The proud dad, in a lighter moment, recalled his rare visit to his son’s dorm room in Washington DC, where he was “horrified” when he did not see any books. Noting his father’s concern, Nor Ashman calmed him by reminding him that he did not need many books because he can read them digitally, and that the proof would be in the results.
As many proud parents would do, Najib happily reported that his 21-year-old son surpassed his expectations by completing his Bachelor’s degree in International Affairs with Magna cum Laude honours and an above average CGPA of 3.71 from Georgetown University.
The prime minister also touched on the 1 Malaysia concept, and emphasised that it was not merely a slogan but an initiative to make Malaysia inclusive — that Malaysia was not only for a particular ethnic group or religion, but for all Malaysians.
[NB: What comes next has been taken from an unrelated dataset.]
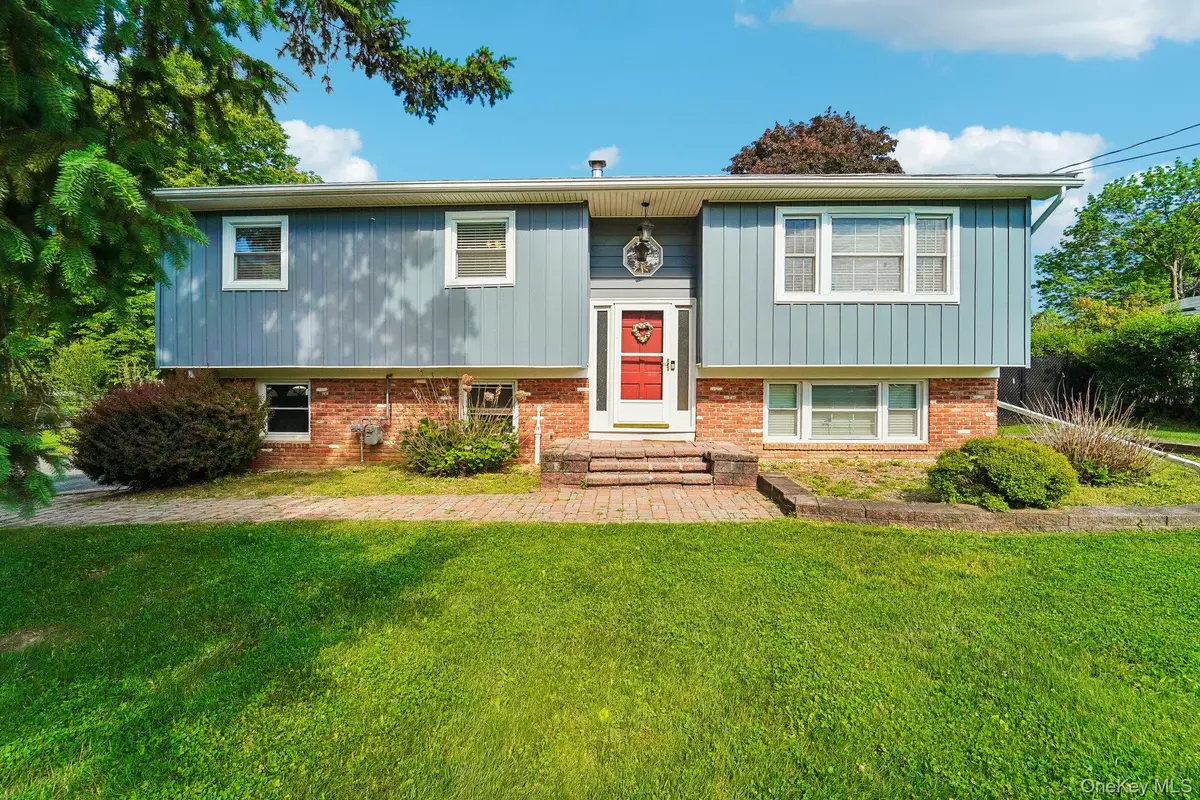 28 Park Hill Drive, New Windsor, NY 12553 - #1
He updated Malaysian students on several development projects in Malaysia, including the Refinery & Petrochemical Integrated Development (RAPID) complex launched by Petronas in Pengerang, Johor, in addition to a petrochemical complex undertaken by a Taiwanese company, which is expected to create some 5,000 jobs on a permanent basis and an additional 5,000 jobs on a contractual basis.
Najib also spoke of the River of Life (RoL) beautification project aimed at transforming the Klang and Gombak rivers into vibrant and liveable waterfronts and to increase the economic viability of the area.
“We have to make the cake bigger and redistribute it to all Malaysians,” he pointed out, adding that the Malaysian economy was improving and the government last year collected RM26 billion in tax revenue following assertive measures to collect taxes.
The improving economy has permitted the government to provide financial assistance of RM500 to some four million households earning less than RM3,000 per month.
On politics, Najib expressed his disappointment over the Bersih 3.0 rally, describing it as “not so bersih” (peaceful) after having been hijacked by parties with their own agenda to create the perception of instability in the country.
He said the unruly protesters had refused the government’s offer of a suitable venue and then broke the law, which resulted in the situation escalating into violence and chaos where even police officers were assaulted.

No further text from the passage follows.